Historically, the accident rate for military forces increases as they deploy into unfamiliar territory. Emotions run high, units tend to train more "realistically," crews are not operating in territory or under conditions they are used to. In such a state equipment tends to break down and personnel tend to be injured or killed more than when forces are homebased.

Maintenance of equipment becomes more expensive and problematic at deployed locations. Major and minor maintenance on equipment becomes more difficult. Depots exist half a world away, and industry technical representatives are not always immediately accessible. Equipment is fixed with what was brought with the force. If the proper tool or part is not available, the entire system remains unusable. Inefficient transportation practices are put into use to field important parts and ensure rapid repairs. Cost increases as the distance from the homebase increases for terrestrial forces. These costs are varied and span the spectrum of military requirements.

It can be argued that economic considerations would be of no import if the act of deploying forces deterred war. This would be true given an electorate fully cognitive of essential facts, and politicians willing to risk such an act. Given a situation where deployment of forces successfully deterred war, even though costs were high in men, equipment and treasure, it would be difficult to prove that it was simply the act of deploying such force which resulted in peace. In fact, such a situation seems much too simple. Even with deployed force, it remains the dynamic of diplomacy which results in peace. With US media coverage, the loss of treasure, men and equipment would be on the mind of Americans, even though peace may be at hand. However, if one considers military forces exist to fight, and fighting generally connotes deployment of US forces, and deployments generally connote economic losses, which are therefore accepted, this argument falls apart. In other words, a nation cares little of losing national treasure if forces are properly deployed and engaged with successful results.

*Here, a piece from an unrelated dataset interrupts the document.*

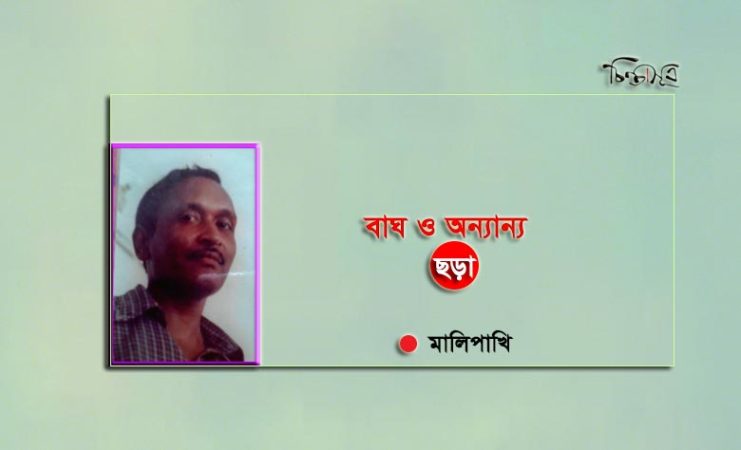 বাঘ ও অন্যান্য ॥ মালিপাখি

The susceptibility of US terrestrial forces to attack, and therefore degradation or destruction, increases as the force deploys to a theater of operations. Forces are outside of the protective boundary afforded by US airspace and sea buffers and are nearer the enemy forces’ capability to strike. Terrorist or unconventional warfare forces can also attack with greater ease once US forces arrive in theater. As with economic considerations, as the distance increases away from home base, the military considerations of US forces increases. Both of these considerations affect US political considerations as well.

However, this susceptibility may be a mute consideration if one considers that military forces exist to fight, and fighting US forces generally requires deployment, and deployments tend to risk degradation and destruction. With such a notion, the fact that military forces may be degraded or destroyed has little or no significant impact on the decision to use them -- for they exist to be used. The risk of their destruction or degradation is of little significance, the argument goes, because such problems have been planned for in force structure and effectiveness decisions. Hopefully, the planning has been accurate. Such an argument has some validity.

If deployed US forces demonstrate heightened importance of economic and military considerations than when they are at home, then so too do US political leaders’ considerations increase in significance. If US national wealth becomes susceptible to increased diminution, and US personnel are put at increased physical risk, US political leaders begin to walk a fine line as they carry out national policy by using terrestrial armed forces. It can be argued that this point is only true if the political objectives for deploying forces are not achieved. If they are achieved, it is argued, the deployment of forces actually allows for the potential of enormous political gains. The question that must be answered for this point to be valid is, "Are politicians willing to take this risk, based on recent deployment track records ?" If US public opinion still had events like Vietnam, Desert One, Somalia, or Bosnia on its mind, this line of reasoning seems debatable. Events such as Haiti and Grenada could be looked at either way, while the result of Desert Storm could support this latter line of reasoning.

Terrestrial Power Characteristics

Engaged force characteristics tend to mimic deployed force characteristics, but with greater impact. The concept of decreased strategic agility that held for deployed terrestrial forces holds true for engaged terrestrial forces as well. However, the extent to which strategic agility is decreased is exponentially larger. It becomes much more difficult to move terrestrial forces to another theater once they are engaged. The problems of just disengaging the forces are so immense -- politically, militarily, and logistically -- as to prohibit the thought of redeploying them elsewhere.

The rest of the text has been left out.